The present invention is a hammock capable of being used as a tent. Entrance into the shelter's vestibule is gained through zipper doors, located on opposite lateral sides of the raincover. Secondary entrance onto the hammock's surface is gained through the mosquito net zipper doors. These doors are located on both lateral sides of the mosquito net.

This bed includes a raincover that is tractable and retractable from inside enclosure by use of a string and clips. These are gained access to by way of a zipper door on either longitudinal end of the bed surface.

This bed comprises of a taut surface horizontally suspended between two spaced anchors, such as trees or the like, being done so through the mechanical advantage of a double pulley system created at one of the two ends. Secondly, this bed is spread laterally with the aid of collapsible spreader poles located at each longitudinal end of the bed. Thirdly, this bed is supported against lateral tipping and sway with the use of supports. These supports run from a secondary placement on the spaced anchors, to each of the four corners of the bed and are made adjustable with cam buckles.

This bed includes a collapsible tent pole framework supporting the mosquito netting as well as the raincover. This framework works independently of the spaced anchors used to suspend the bed. As a result of this independent framework, this bed may be used on the ground as a tent shelter.

OBJECTS AND ADVANTAGES

Accordingly, several objects and advantages of this invention are realized. Firstly, the invention as a hammock, with the use of a double-pulley suspension system, has removed longitudinal sag creating in essence a horizontal plane. This is done so in a way that the greatest tension runs through the longitudinal axis of the bed while diminishing slightly to the lateral sides. A result of the greater tension being through the longitudinal center of axis is that it affords each person the comfort of lying on his/her side without “log-rolling” toward the center or each other. In addition, the invention, with the use of collapsible spreader-poles stretches the hammock laterally and removes lateral sag, thus adding to an individual's comfort. Further, if weight is placed on either lateral extreme of the bed surface, the hammock, while off balance from the main longitudinal axis, will not greatly tilt or sway. This is a result of the lateral stabilizer lines, which run from a higher position on the spaced anchors to the corners of the hammock. As a result of these lateral stabilizer lines, weight may be placed anywhere on the hammock without tipping it over.

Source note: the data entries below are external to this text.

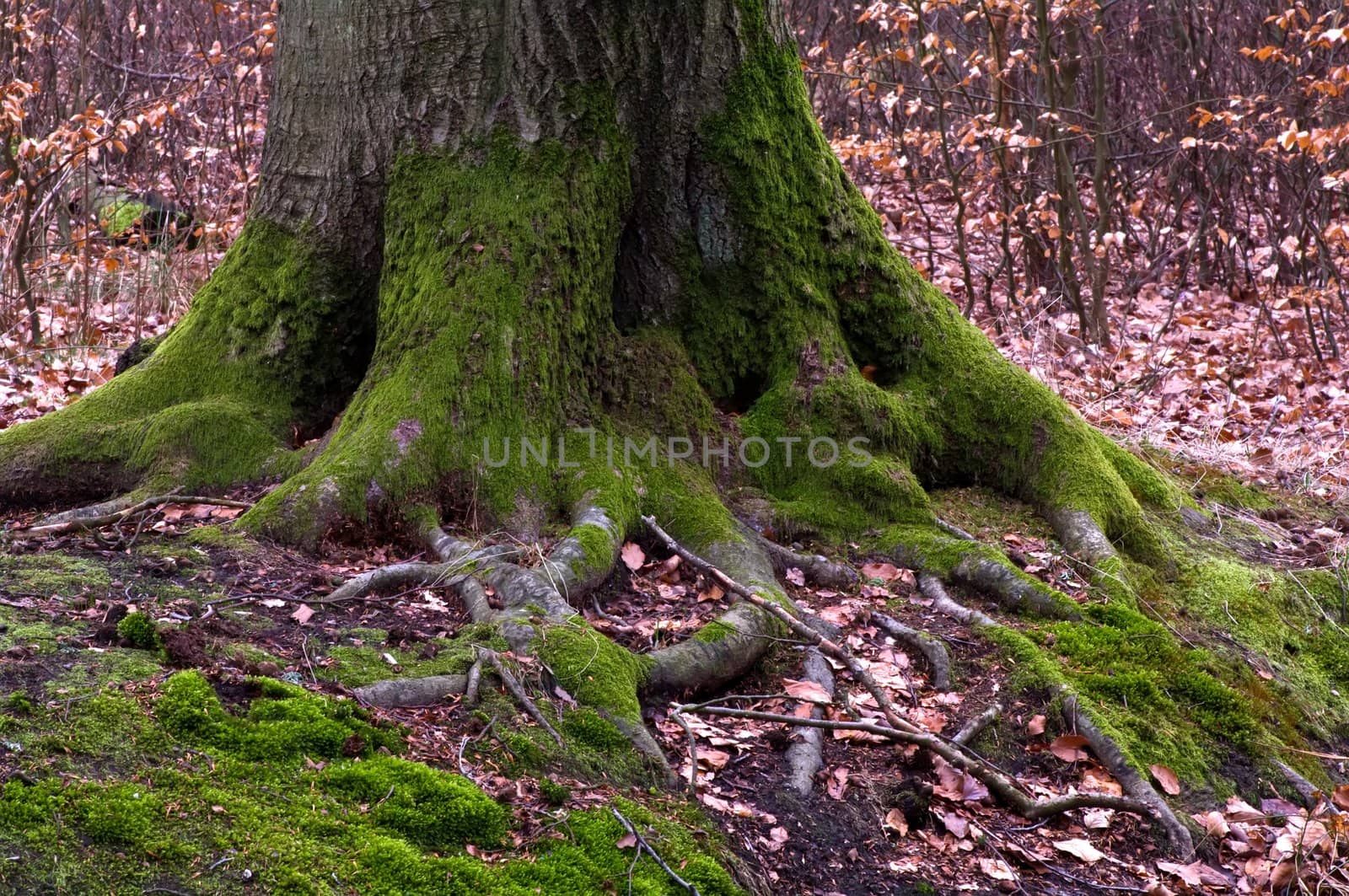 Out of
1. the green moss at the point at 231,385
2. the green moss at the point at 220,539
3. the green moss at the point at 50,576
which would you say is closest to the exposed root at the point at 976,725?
the green moss at the point at 220,539

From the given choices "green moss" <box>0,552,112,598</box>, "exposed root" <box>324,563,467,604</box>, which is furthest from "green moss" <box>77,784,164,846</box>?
"exposed root" <box>324,563,467,604</box>

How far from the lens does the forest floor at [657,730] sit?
282 centimetres

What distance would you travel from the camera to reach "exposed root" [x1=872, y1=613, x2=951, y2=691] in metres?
4.01

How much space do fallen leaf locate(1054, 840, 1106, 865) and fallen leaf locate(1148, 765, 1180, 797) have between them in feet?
1.28

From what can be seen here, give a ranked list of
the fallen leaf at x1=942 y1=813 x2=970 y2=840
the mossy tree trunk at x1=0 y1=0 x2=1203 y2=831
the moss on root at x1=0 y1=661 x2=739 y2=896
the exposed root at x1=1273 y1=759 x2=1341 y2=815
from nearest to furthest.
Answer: the moss on root at x1=0 y1=661 x2=739 y2=896, the fallen leaf at x1=942 y1=813 x2=970 y2=840, the exposed root at x1=1273 y1=759 x2=1341 y2=815, the mossy tree trunk at x1=0 y1=0 x2=1203 y2=831

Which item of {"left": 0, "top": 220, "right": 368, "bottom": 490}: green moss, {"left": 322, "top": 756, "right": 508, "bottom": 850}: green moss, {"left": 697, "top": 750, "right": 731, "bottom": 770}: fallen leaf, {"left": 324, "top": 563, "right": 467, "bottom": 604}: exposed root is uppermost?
{"left": 0, "top": 220, "right": 368, "bottom": 490}: green moss

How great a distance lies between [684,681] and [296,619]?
133 centimetres

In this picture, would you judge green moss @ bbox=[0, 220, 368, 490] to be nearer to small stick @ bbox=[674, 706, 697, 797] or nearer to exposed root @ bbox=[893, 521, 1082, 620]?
small stick @ bbox=[674, 706, 697, 797]

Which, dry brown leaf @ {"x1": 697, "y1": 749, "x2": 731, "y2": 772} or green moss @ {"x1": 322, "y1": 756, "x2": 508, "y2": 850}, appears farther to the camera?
dry brown leaf @ {"x1": 697, "y1": 749, "x2": 731, "y2": 772}

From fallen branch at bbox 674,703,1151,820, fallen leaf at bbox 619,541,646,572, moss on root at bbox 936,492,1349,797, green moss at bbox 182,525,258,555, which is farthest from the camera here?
fallen leaf at bbox 619,541,646,572

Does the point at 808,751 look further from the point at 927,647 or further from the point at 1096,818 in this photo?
the point at 1096,818

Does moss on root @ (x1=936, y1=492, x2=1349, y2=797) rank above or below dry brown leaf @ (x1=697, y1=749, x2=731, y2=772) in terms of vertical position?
below

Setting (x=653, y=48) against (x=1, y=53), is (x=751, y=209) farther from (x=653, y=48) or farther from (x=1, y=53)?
(x=1, y=53)

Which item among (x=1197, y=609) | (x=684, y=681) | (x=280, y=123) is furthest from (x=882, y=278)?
(x=280, y=123) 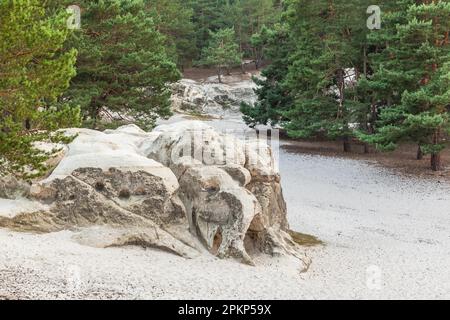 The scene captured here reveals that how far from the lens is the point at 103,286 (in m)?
10.5

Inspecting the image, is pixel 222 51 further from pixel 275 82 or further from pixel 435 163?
pixel 435 163

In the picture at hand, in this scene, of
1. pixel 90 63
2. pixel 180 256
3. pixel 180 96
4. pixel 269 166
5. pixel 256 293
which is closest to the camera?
pixel 256 293

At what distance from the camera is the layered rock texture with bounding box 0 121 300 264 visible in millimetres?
13586

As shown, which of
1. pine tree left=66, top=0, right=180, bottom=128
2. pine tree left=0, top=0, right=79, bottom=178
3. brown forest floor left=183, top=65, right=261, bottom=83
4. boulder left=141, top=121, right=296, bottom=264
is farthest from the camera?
brown forest floor left=183, top=65, right=261, bottom=83

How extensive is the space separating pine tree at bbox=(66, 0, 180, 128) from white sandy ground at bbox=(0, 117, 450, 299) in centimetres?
1423

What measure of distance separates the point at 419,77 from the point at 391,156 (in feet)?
27.2

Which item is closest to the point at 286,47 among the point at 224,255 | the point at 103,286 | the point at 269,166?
the point at 269,166

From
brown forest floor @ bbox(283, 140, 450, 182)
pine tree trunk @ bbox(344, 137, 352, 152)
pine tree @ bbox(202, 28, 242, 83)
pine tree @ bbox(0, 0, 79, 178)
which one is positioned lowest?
brown forest floor @ bbox(283, 140, 450, 182)

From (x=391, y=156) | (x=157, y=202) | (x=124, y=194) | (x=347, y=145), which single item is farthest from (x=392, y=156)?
(x=124, y=194)

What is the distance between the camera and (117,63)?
29.6m

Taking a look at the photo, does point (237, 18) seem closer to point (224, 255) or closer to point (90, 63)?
point (90, 63)

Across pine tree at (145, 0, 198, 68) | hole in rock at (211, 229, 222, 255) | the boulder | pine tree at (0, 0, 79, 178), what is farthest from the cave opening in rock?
pine tree at (145, 0, 198, 68)

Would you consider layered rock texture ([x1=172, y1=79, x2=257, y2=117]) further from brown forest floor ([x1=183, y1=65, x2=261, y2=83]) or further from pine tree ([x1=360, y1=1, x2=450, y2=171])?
Answer: pine tree ([x1=360, y1=1, x2=450, y2=171])

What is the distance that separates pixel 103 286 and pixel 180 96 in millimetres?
49353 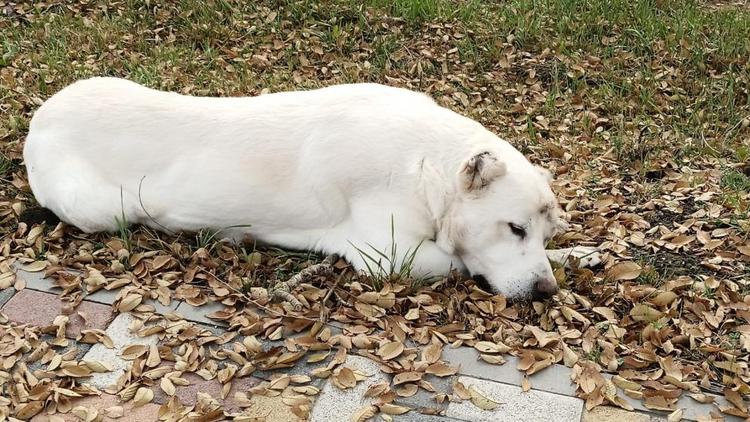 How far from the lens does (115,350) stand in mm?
3729

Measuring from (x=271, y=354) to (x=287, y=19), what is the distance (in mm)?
4716

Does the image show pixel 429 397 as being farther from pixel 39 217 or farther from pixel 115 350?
pixel 39 217

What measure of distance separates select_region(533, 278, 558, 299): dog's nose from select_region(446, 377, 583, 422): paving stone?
66 cm

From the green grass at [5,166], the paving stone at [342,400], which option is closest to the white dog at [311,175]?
the green grass at [5,166]

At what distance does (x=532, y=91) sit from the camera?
6.78m

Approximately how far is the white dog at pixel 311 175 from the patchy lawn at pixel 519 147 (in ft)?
0.53

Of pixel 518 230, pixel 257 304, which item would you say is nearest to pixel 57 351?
pixel 257 304

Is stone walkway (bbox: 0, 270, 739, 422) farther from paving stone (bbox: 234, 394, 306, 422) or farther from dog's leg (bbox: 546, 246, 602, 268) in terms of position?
dog's leg (bbox: 546, 246, 602, 268)

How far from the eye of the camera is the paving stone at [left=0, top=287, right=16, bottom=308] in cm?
407

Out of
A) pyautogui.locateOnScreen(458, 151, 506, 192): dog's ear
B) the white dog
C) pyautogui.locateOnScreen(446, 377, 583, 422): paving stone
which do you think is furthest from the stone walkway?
pyautogui.locateOnScreen(458, 151, 506, 192): dog's ear

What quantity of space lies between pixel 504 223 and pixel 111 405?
76.8 inches

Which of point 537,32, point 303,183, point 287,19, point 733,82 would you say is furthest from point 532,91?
point 303,183

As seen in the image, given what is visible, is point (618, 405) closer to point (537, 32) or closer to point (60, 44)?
point (537, 32)

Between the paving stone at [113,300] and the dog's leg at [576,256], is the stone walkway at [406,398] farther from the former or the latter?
the dog's leg at [576,256] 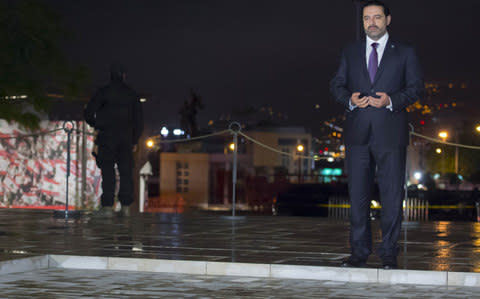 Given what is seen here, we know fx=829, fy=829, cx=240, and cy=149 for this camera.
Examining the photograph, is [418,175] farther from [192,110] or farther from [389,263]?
[389,263]

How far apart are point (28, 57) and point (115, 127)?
9406 mm

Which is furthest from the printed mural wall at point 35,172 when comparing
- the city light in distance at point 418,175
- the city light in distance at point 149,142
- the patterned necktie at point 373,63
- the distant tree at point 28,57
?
the city light in distance at point 418,175

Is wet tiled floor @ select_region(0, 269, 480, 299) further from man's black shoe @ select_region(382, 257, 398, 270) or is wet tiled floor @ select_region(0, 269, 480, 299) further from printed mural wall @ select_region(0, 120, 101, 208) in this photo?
printed mural wall @ select_region(0, 120, 101, 208)

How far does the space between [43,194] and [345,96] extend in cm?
1401

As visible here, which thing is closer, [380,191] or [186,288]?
[186,288]

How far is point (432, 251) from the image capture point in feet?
25.5

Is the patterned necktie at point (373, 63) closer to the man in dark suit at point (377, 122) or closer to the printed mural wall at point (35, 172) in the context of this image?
the man in dark suit at point (377, 122)

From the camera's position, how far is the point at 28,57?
816 inches

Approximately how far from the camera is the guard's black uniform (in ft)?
39.9

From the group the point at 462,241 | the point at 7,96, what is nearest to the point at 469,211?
the point at 7,96

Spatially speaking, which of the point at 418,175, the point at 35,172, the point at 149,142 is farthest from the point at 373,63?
the point at 418,175

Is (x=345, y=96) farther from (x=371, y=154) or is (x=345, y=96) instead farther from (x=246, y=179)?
(x=246, y=179)

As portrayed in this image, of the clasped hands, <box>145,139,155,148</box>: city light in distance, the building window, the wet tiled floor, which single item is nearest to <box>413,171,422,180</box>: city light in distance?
the building window

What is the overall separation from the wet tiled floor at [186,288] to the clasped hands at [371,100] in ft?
4.49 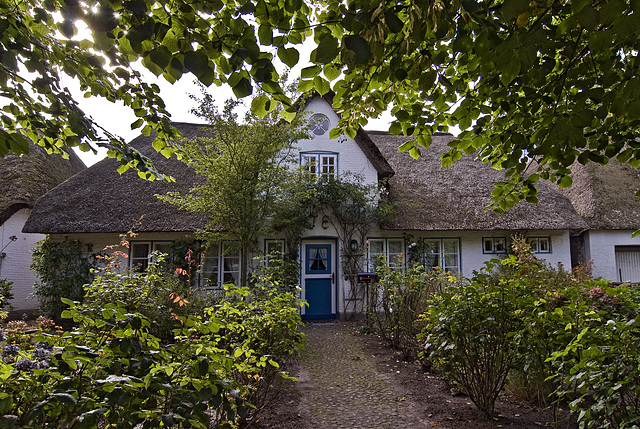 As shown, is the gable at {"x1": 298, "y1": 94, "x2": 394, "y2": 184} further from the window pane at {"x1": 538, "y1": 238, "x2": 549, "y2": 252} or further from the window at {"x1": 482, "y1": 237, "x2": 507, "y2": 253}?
the window pane at {"x1": 538, "y1": 238, "x2": 549, "y2": 252}

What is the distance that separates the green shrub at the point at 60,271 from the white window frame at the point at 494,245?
1156 cm

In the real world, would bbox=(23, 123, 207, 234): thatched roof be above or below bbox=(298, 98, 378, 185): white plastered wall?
below

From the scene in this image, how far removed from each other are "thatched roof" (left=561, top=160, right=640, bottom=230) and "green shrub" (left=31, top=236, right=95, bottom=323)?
15.8 metres

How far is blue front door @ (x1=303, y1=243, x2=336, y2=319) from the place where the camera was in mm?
11036

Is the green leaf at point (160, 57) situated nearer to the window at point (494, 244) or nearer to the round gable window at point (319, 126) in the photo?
the round gable window at point (319, 126)

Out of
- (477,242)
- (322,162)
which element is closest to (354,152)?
(322,162)

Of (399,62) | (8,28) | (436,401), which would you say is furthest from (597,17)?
(436,401)

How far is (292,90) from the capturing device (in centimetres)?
862

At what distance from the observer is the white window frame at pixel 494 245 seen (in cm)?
1221

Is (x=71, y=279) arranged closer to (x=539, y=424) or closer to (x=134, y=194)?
(x=134, y=194)

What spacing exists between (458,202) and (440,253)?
5.97ft

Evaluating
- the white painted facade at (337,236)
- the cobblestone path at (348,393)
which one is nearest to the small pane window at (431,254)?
the white painted facade at (337,236)

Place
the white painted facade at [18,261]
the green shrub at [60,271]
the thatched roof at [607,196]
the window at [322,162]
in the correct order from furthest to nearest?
the white painted facade at [18,261]
the thatched roof at [607,196]
the window at [322,162]
the green shrub at [60,271]

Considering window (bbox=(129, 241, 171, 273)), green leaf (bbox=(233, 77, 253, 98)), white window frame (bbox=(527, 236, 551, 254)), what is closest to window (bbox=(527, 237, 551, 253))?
white window frame (bbox=(527, 236, 551, 254)) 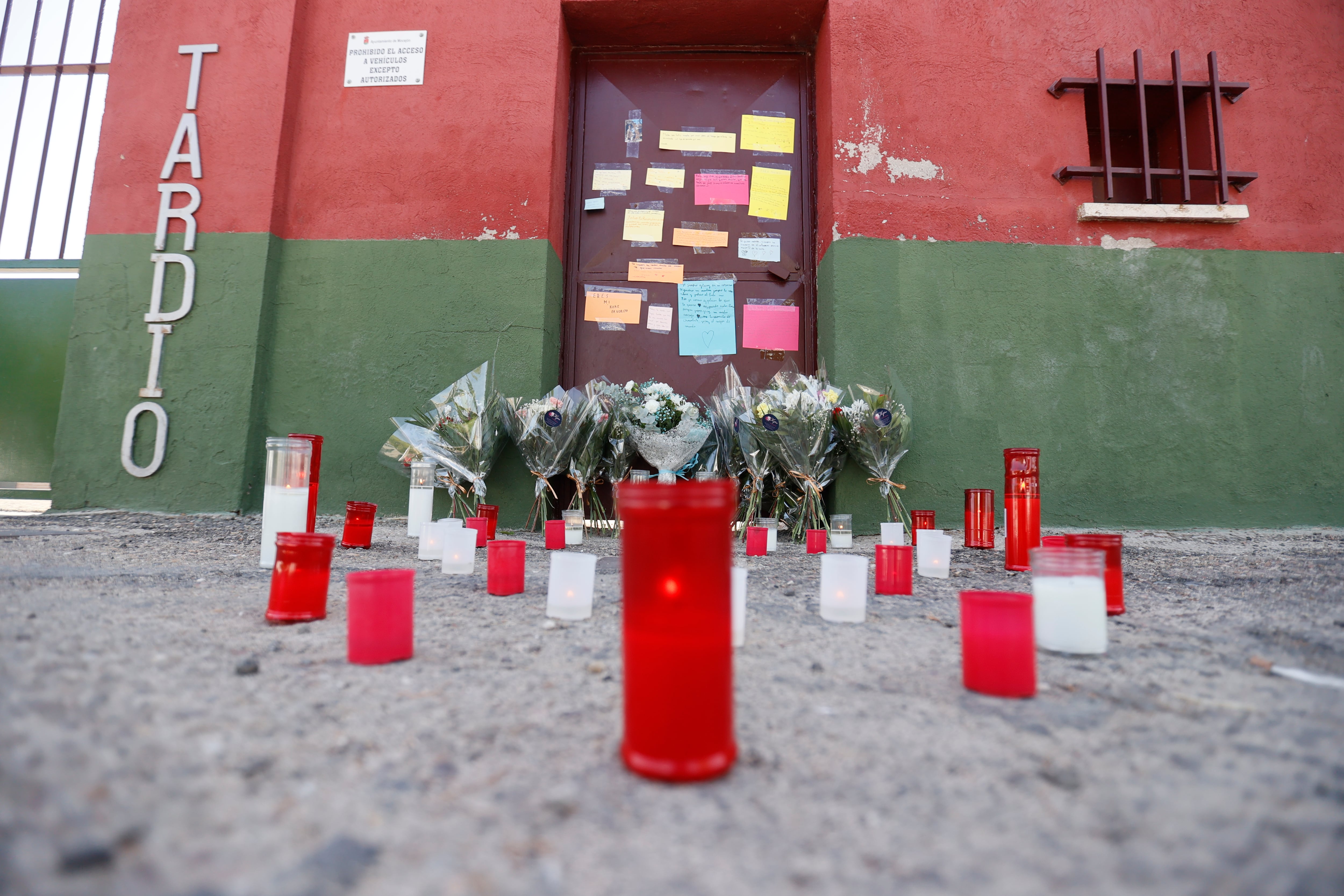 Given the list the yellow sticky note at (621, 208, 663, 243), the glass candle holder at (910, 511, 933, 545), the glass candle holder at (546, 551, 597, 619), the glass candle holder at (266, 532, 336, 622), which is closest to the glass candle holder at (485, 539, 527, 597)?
the glass candle holder at (546, 551, 597, 619)

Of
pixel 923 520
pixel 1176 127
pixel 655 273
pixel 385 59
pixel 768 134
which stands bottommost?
pixel 923 520

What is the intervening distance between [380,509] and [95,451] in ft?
5.79

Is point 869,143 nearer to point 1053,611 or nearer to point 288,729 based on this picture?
point 1053,611

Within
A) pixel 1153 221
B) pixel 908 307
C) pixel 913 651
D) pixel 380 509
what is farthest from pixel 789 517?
pixel 1153 221

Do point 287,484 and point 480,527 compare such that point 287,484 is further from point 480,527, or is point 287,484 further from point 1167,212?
point 1167,212

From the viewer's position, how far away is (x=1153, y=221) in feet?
12.1

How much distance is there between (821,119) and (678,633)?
4.12 m

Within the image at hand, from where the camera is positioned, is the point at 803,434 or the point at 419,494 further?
the point at 803,434

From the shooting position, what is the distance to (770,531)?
3129mm

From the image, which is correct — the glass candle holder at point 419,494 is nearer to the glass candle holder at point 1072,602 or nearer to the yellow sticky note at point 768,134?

Another advantage of this invention is that relatively few lines are used to secure and tension it, which prevents entanglement in storage. The main horizontal-tension lines are the only lines permanently attached to the hammock. The stabilizer lines are independent of the hammock. These are wrapped around the spaced anchors several times, and continue to the nearest corner attachment cam buckle.

A further advantage of this invention is the means in which it is secured. Cam buckles are used at all six points of suspension, which eliminates the need of tying knots. This allows for quicker set-up as well as allowing for quick and easy adjustments.

Another attribute of the invention is the means by which it can be packed and transported with ease. Both the tent pole configurations, which support the raincover and mosquito netting, as well as the lateral spreader-poles, are collapsible in to one to two foot sections. Further, these poles all have a sock cord which runs internally through them. These qualities allow for easy assembly, disassembly, packing for hikers, and storage.

A further objective of this invention is to provide a means by which to attach and remove the raincover from the hammock without having to remove oneself from bed. The raincover is held in place by six clips, one in each corner as well as one at each lateral extreme of the hammock. The raincover is also connected to a string, which circles the hammock structure longitudinally in a vertical plane. The access to both the clips and the string is through a zipper window at both ends of the hammock shelter. Hence, the raincover is retracted by releasing three clips at one end of the bed and pulling the string, which in turn draws the raincover over to the other side. To reattach the raincover, one pulls the string in the opposite direction until the raincover is in position, and then reattaches each clip, securing it in place.

Another objective of the invention is to be able to set the shelter up directly on the ground or on a ground sheet without the use of spaced anchors. This is of great advantage should there be nothing suitable to suspend the hammock shelter. In such a case, the ground will provide the support while the mosquito net and the raincover are supported by the collapsible tent poles.

Another attribute of this invention is that it does not require additional attachment to the ground or to objects at the lateral side(s) of the shelter to stabilize the structure or spread its flooring. However, it is possible to stake out both the suspended hammock shelter's raincover, as well as the ground resting shelter's raincover to the ground in case of high winds or other severe weather.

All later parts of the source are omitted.